■ **PROBLEM DETAILS**: Please write out every line of the listing without alteration, but omit the images.

■ **RECORDS FOR THIS TASK**:
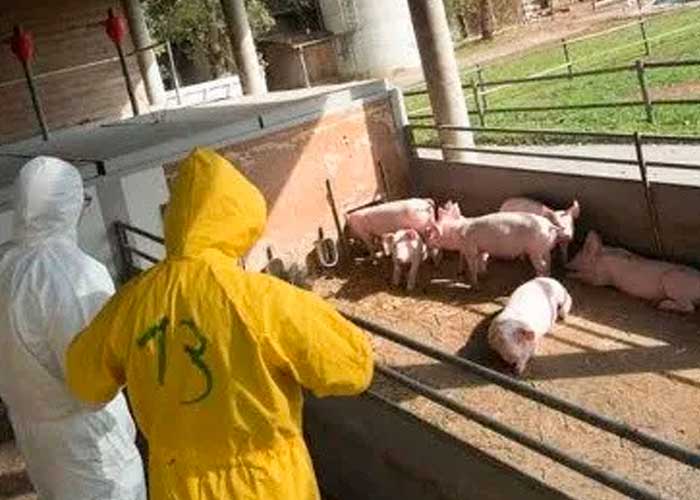 Alarma en Europa tras propagación de la peste porcina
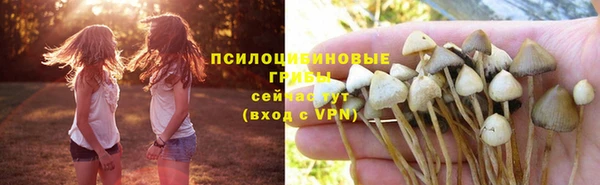 прущая мука Кинешма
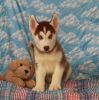 friendly and playful Siberian Husky puppies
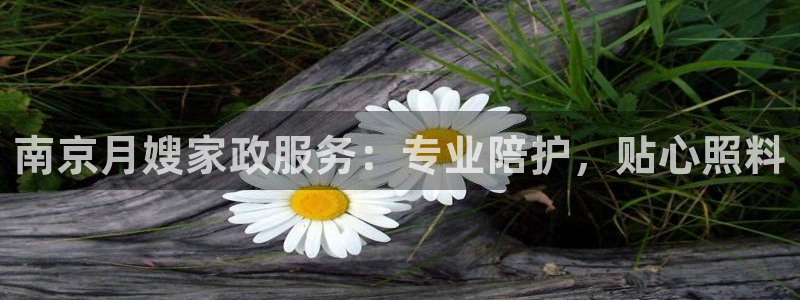 杏悦平台登陆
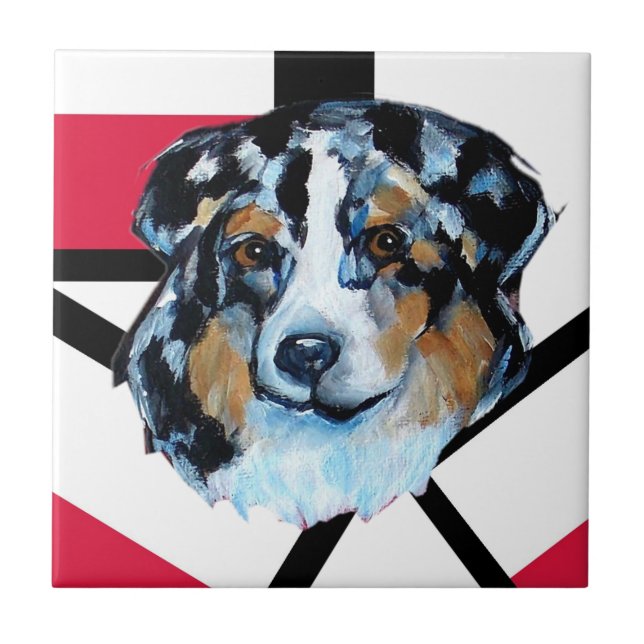 AZULEJO AUSTRALIAN SHEPHERD (Frente)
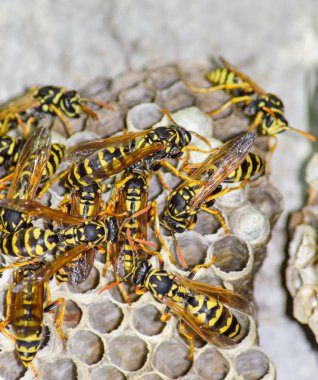 Yaban arıları polist. Vespiary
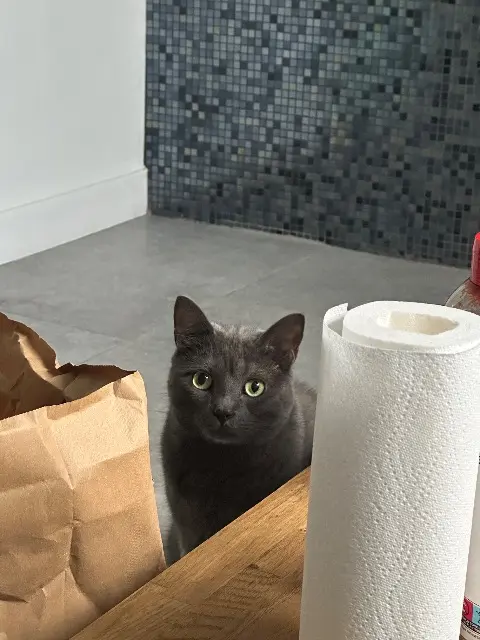 chat reunited   77400 Dampmart Woody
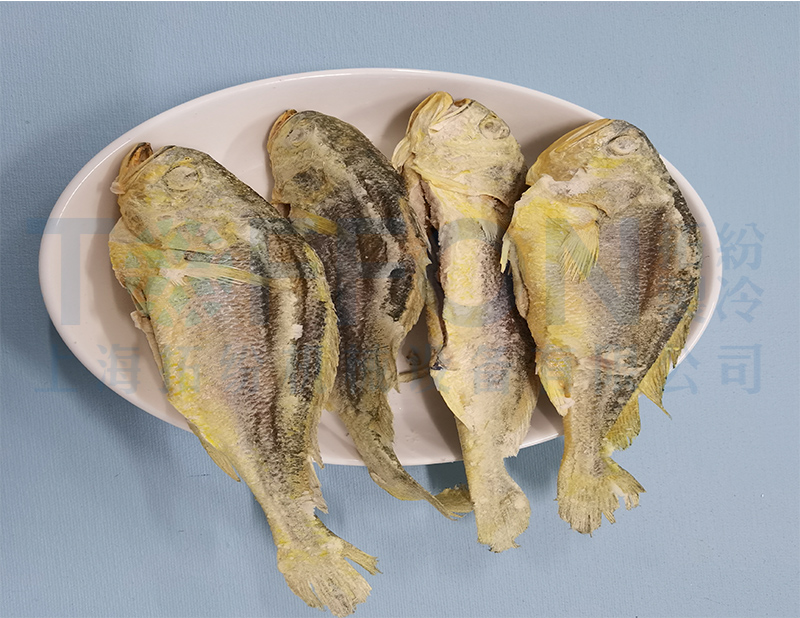 黃花魚(yú)凍干，食品凍干機(jī)應(yīng)用于黃花魚(yú)真空冷凍干燥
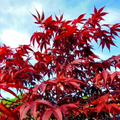 Dwarf Japanese Red Linear-Leaf Maple Seeds | Acer Scolopendrifolium | Bonsai & Patio Tree Seeds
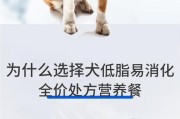 预防幼犬低血糖的重要性（幼犬低血糖的危害及预防措施）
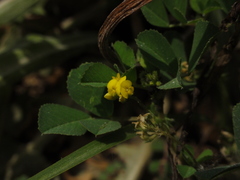 Medicago polymorpha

■ **SOLVED EXERCISE**:
 Alarma en Europa tras propagación de la peste porcina
 прущая мука Кинешма
 friendly and playful Siberian Husky puppies
 杏悦平台登陆
 AZULEJO AUSTRALIAN SHEPHERD (Frente)
 Yaban arıları polist. Vespiary
 chat reunited   77400 Dampmart Woody
 黃花魚(yú)凍干，食品凍干機(jī)應(yīng)用于黃花魚(yú)真空冷凍干燥
 Dwarf Japanese Red Linear-Leaf Maple Seeds | Acer Scolopendrifolium | Bonsai & Patio Tree Seeds
 预防幼犬低血糖的重要性（幼犬低血糖的危害及预防措施）
 Medicago polymorpha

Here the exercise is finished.